The new stadium, the only newly built venue for the Rugby World Cup, hosted the first match of the global extravaganza with a full-capacity crowd of 16,000-plus fans on hand to watch Uruguay take on Fiji on September 25.

Before the match, World Rugby Chairman Bill Beaumont said: “Today marks a very special day for World Rugby and for the people of Kamaishi as the city hosts its first Rugby World Cup 2019 match. When deciding upon host cities for Japan 2019 it was clear that Kamaishi was a place with rugby at its heart, with a great rugby history and a passionate local fan base. From the first moment World Rugby visited Kamaishi, we knew it would make a unique, special and fantastic Rugby World Cup venue.”

The Japan Rugby Football Union, the sport’s national governing body, overhauled the structure of its men’s league, replacing the Japan Rugby Top League, which had corporate teams and players under contract as company employees, with the Japan Rugby League One for the 2022 season.

In the new league’s second division, the Kamaishi Seawaves (established in 2001 and formerly known as Nippon Steel Corporation Kamaishi) are one of six clubs, and the only one based in Tohoku. There are 12 first-division teams and six more in the third division.

RELATED: Kamaishi City Takes Another Step Toward Recovery By Playing RWC 2019 Host


A Growing Market for Basketball

For more than a decade, the region has been a growing market for basketball with the arrival of several new pro teams and the merger of the bj-league and NBL in 2016. Since 2010, the Akita Northern Happinets, Yamagata Wyverns, Iwate Big Bulls, Aomori Wat’s and Fukushima Firebonds have been established and given Honshu’s northeast region a major presence for basketball along with the Sendai 89ers, who began play in 2005.

All six Tohoku prefectures have pro teams. Akita, which was the bj-league championship runner-up in 2014 and 2015, is currently playing in the B.League’s first division.

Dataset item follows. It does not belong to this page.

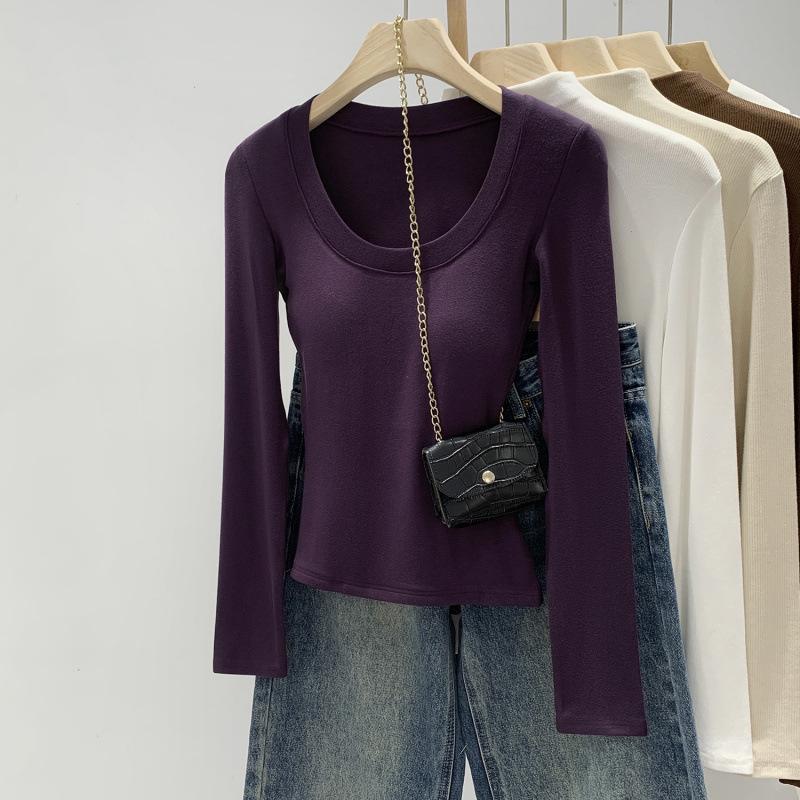 

European-Style Women s Pink Long-Sleeve T-Shirt with Built-in Bra, U-Neck, New Autumn/Winter Slimming Base Layer L фіолетовий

Aomori, Fukushima, Sendai and Yamagata are competing in the second division and Iwate is playing in B3. 

In a 2016 interview with this reporter, ex-Big Bulls and Osaka Evessa front-office executive Motofumi Iguchi discussed the competitive regional rivalry that exists among Tohoku’s prefectures and how it carried over to sports.

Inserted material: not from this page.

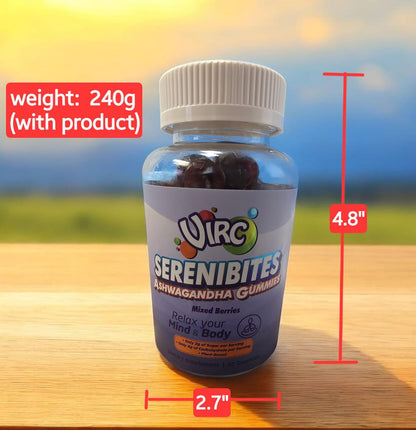 VIRC Snacks Ashwagandha Stress Energy Support Mixed Berries Gummies 60 Count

“For Tohoku people, challenging Sendai is very important for them,” Iguchi commented. “It’s not only sports because Sendai is the biggest city in Tohoku. … They like to have a game against the city next to you.”

The 89ers’ primary gym was heavily damaged on 3.11, and the team’s home opener at the repaired venue, Sendai City Gymnasium, for the 2011-12 season was a big deal for the city. A symbol of recovery, too. More than 5,000 fans packed the gym on October 29 to see the 89ers play host to the Northern Happinets.

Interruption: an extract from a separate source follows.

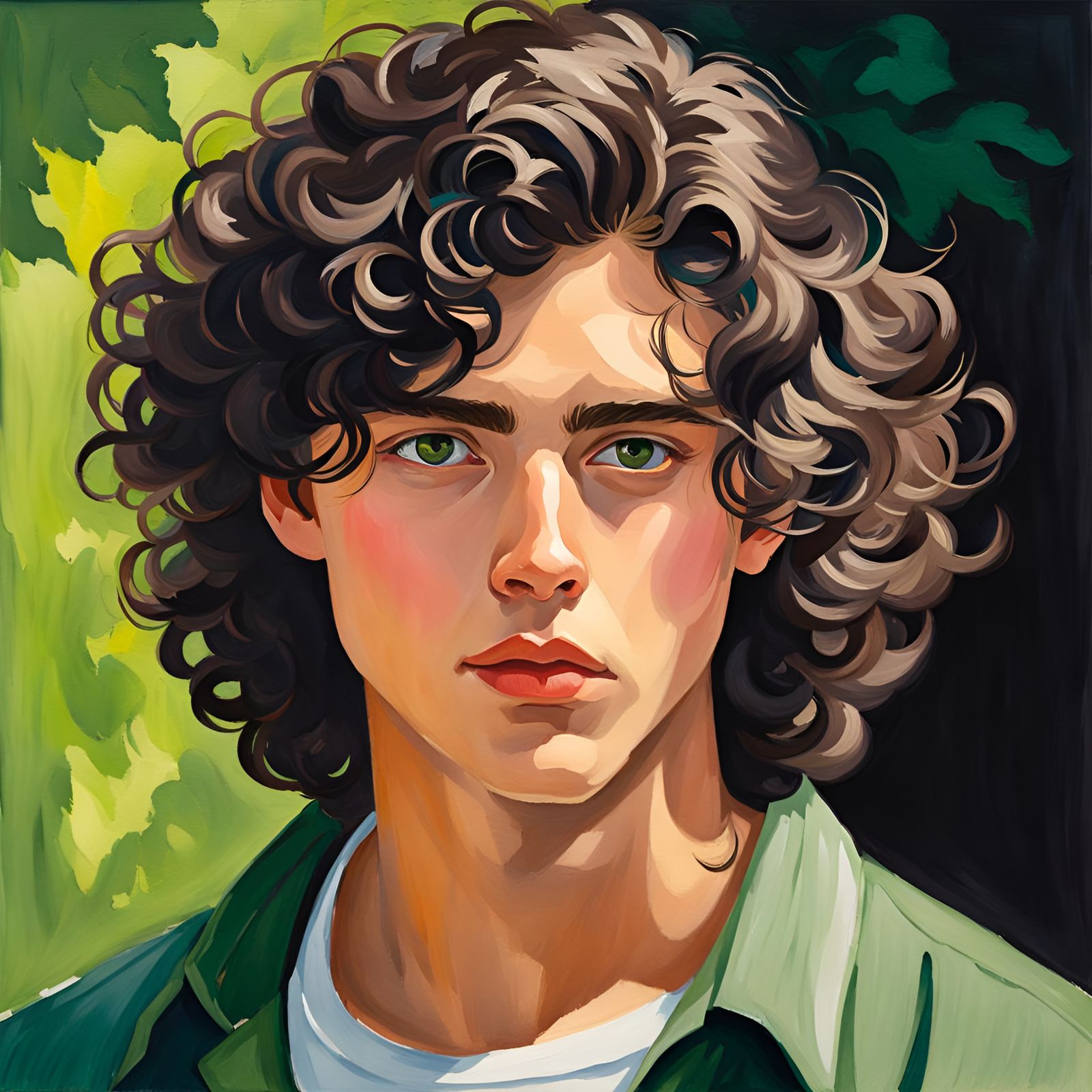 Beautiful Boy with Dark Curls and Green eyes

Bob Pierce, Sendai’s coach at the time, was moved by the pre-game scene.

“It was amazing to walk into that gym and see so many fans,” Pierce told me. “It was a very emotional moment when our captain, Takehiko Shimura, stood at center court to greet the fans with ‘tadaima!’ (I’m back!) and hearing 5,064 voices shout out ‘okaeri!’ (welcome back!).”

Akita-born guard Kenichi Takahashi, one of the most popular players in 89ers history, viewed that game and the team’s road to recovery as significant. For him, it involved a sense of duty.

“What we can do is play basketball,” Takahashi, who retired in 2017, said the day before the 2011-12 season home opener at the club’s practice facility. “We can try to win to make them happy.”

There are 53 teams under the B.League umbrella right now, and Tohoku’s representation in the first, second and third divisions is significant.

Soccer Maintains a Big Presence in the Region

Although there are no Tohoku-based teams in J. League’s first division, also known as J1, this season, the region has major ties to the world’s most popular sport. Consider: the J-Village, the National Training Center for soccer and other sports is located in Fukushima Prefecture. It opened in 1997; it fully reopened in 2019, though some sports activities resumed the year before. In between 3.11 and its reopening, it served as a headquarters for recovery-related functions.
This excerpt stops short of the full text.